** Records shown follows **
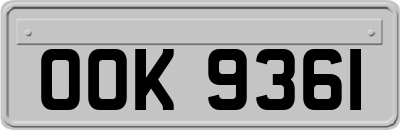 OOK9361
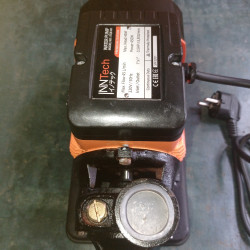  Inntech motor 0.5hp Image, classified, Myanmar marketplace, Myanmarkt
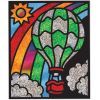 Набор для творчества Melissa&Doug Разноцветная гравюра (MD5061) изображение 2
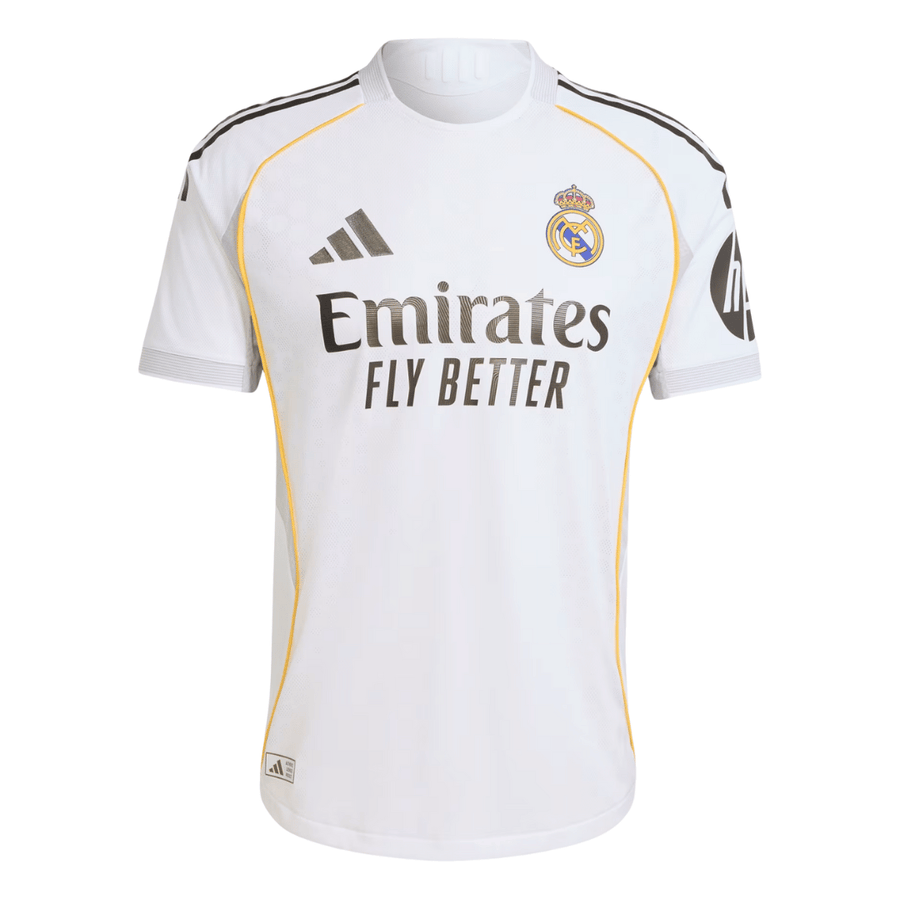 CAMISETA ADIDAS REAL MADRID AUTHENTIC LOCAL 25/26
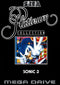 Sonic the Hedgehog 3 - Mega Drive - Super Retro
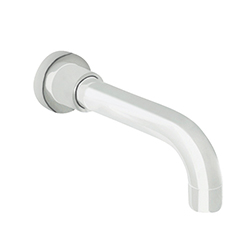 BEC DE REMPLISSAGE DESIGN 235 MM BLANC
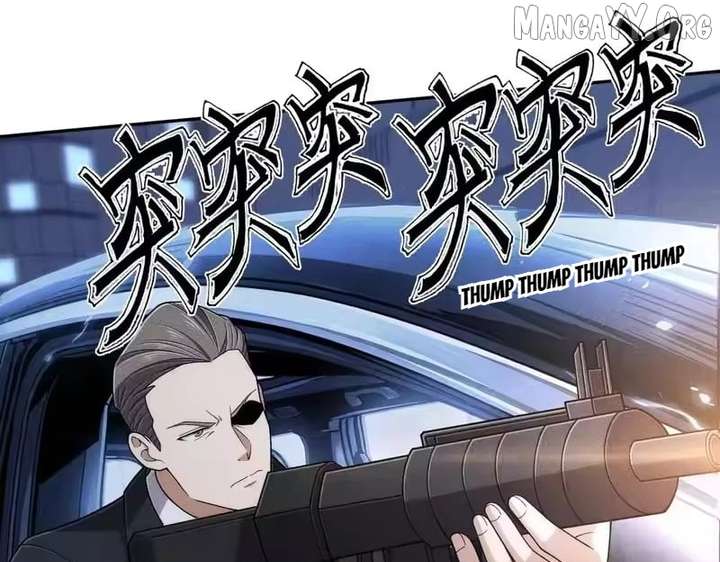 Hidden Dragon in the City (2025) Chapter 45 - Page 33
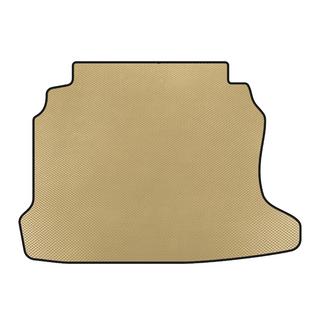 Tapis de coffre EVA (SD, Beige) Opel Astra G classic 1998-2012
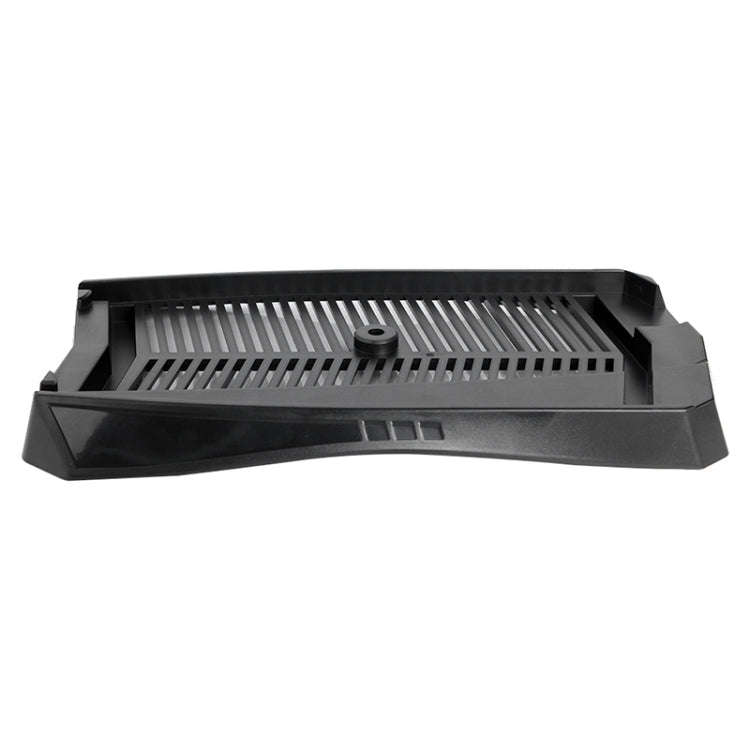 KJH P5-006 Game Console Cooling Bracket Stand Holder Specially Designed For PS5(Black)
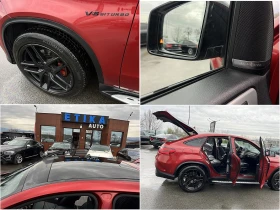 Mercedes-Benz GLE 350 6.3AMG OPTIK-DISTRONIK-PANORAMA-360KAMERI-HARMAN !, снимка 17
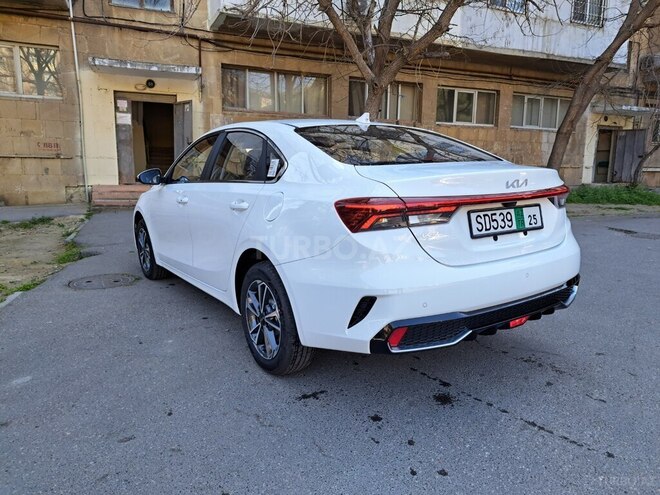 Kia K3-9
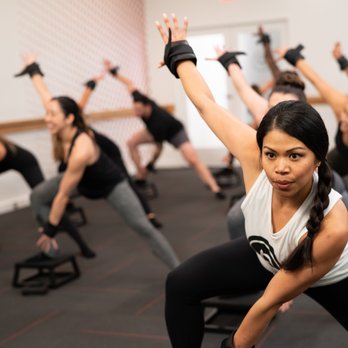 Yoga Studio Near Me Alexandria Virginia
** End of Records shown **
**What you will do**. Leave the images out and output the remaining material exactly as it stands.

**Exercise output**.
 OOK9361
  Inntech motor 0.5hp Image, classified, Myanmar marketplace, Myanmarkt
 Набор для творчества Melissa&Doug Разноцветная гравюра (MD5061) изображение 2
 CAMISETA ADIDAS REAL MADRID AUTHENTIC LOCAL 25/26
 Sonic the Hedgehog 3 - Mega Drive - Super Retro
 BEC DE REMPLISSAGE DESIGN 235 MM BLANC
 Hidden Dragon in the City (2025) Chapter 45 - Page 33
 Tapis de coffre EVA (SD, Beige) Opel Astra G classic 1998-2012
 KJH P5-006 Game Console Cooling Bracket Stand Holder Specially Designed For PS5(Black)
 Mercedes-Benz GLE 350 6.3AMG OPTIK-DISTRONIK-PANORAMA-360KAMERI-HARMAN !, снимка 17
 Kia K3-9
 Yoga Studio Near Me Alexandria Virginia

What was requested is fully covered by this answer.